----- GIVEN MATERIAL -----

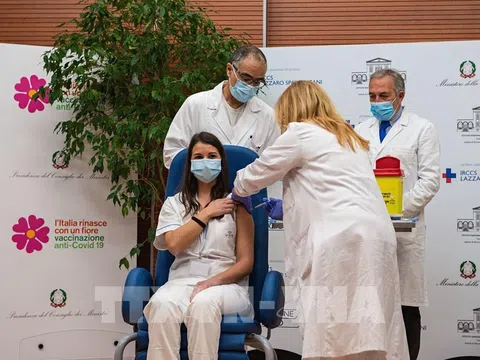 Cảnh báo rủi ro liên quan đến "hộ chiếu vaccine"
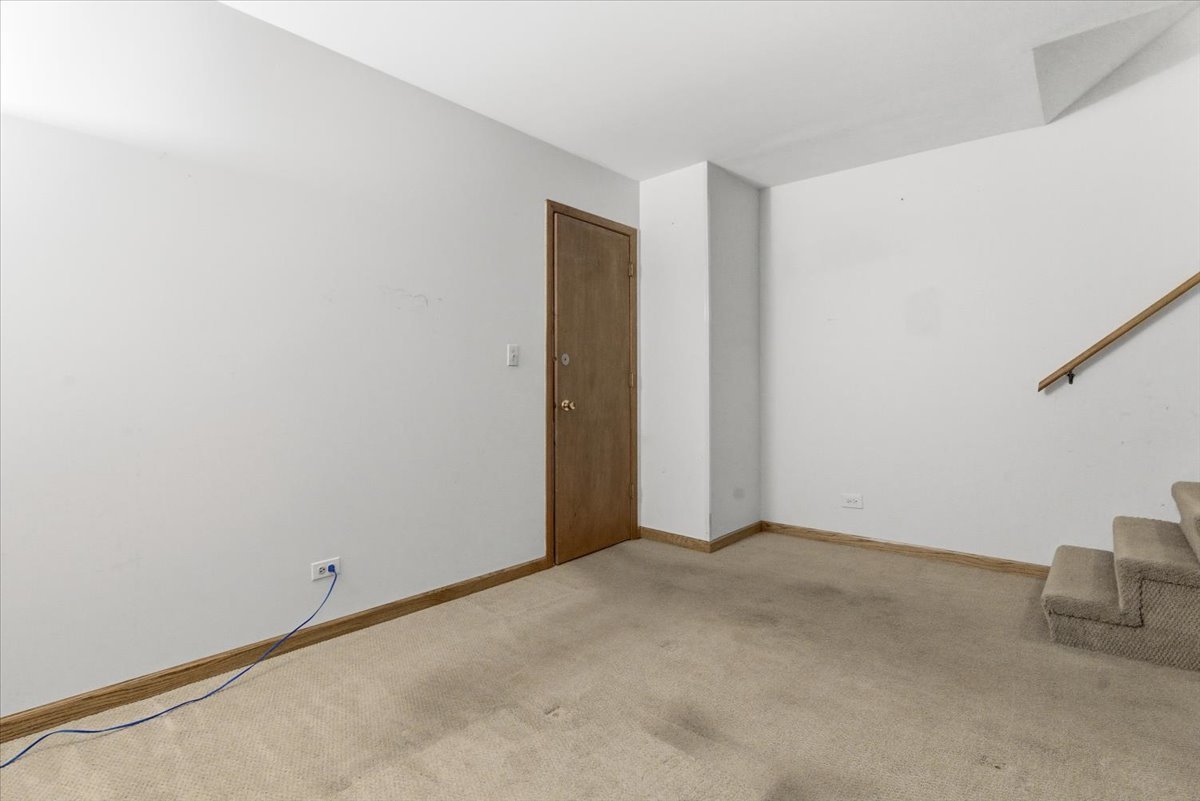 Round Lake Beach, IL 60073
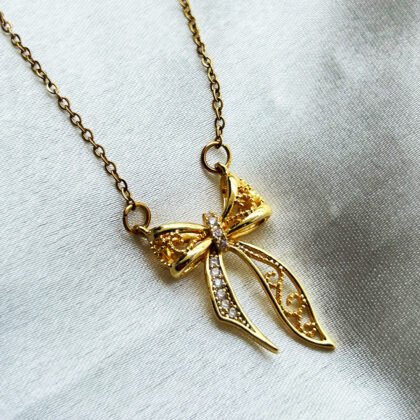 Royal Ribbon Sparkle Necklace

-----

- **INSTRUCTIONS FOR THE TASK**
Strip out the pictures and quote the remaining data word for word.

- **RESULT OF THIS TASK**
 Cảnh báo rủi ro liên quan đến "hộ chiếu vaccine"
 Round Lake Beach, IL 60073
 Royal Ribbon Sparkle Necklace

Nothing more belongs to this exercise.